Karl-Theodor, Duke in Bavaria (9 August 1839 – 30 November 1909), was a member of the House of Wittelsbach and a professional oculist. He was the favorite brother of the Empress Elisabeth of Austria, and father of Queen Elisabeth of the Belgians.

Life

Karl-Theodor was born at Possenhofen Castle, the third son of Duke Maximilian in Bavaria and of his wife, Princess Ludovika of Bavaria.

At the age of fourteen Karl-Theodor joined the Bavarian Army.  In 1866 he fought in the Austro-Prussian War. When he left active duty, he became a student at the Ludwig Maximilian University of Munich, where he studied philosophy, law, economics, and medicine. Among his teachers were the chemist Justus von Liebig, the pathologist Ludwig von Buhl, and the physicist Philipp von Jolly.
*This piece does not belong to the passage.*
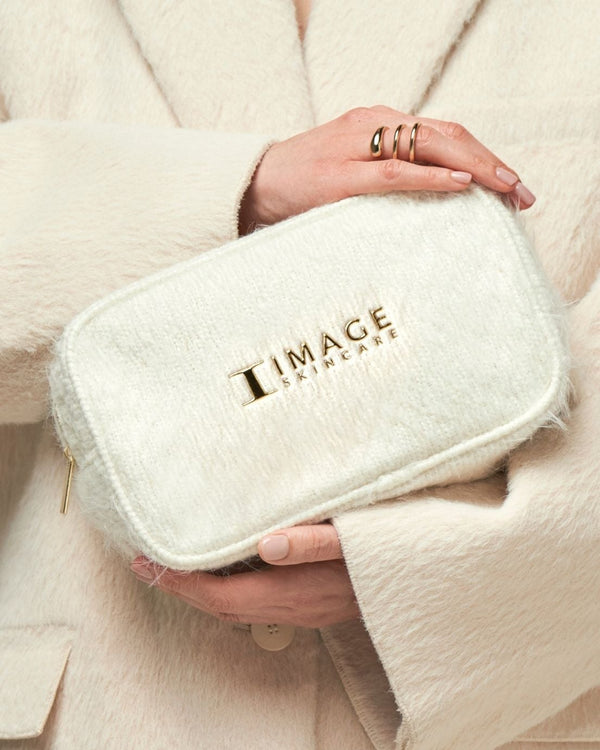 Luxury Holiday Bag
In 1870 Karl-Theodor's studies were interrupted by the Franco-Prussian War in which he served as a proprietary colonel of the 3rd Bavarian Light Horse.  After the war he returned to his studies.  In 1872 he was named an honorary Doctor of Medicine by the Ludwig Maximilian University; the following year he completed the requirements for the degree. Then he studied ophthalmology under Professor Deutschland and continued his education under Professor Arlt in Vienna and Professor Horner in Zürich.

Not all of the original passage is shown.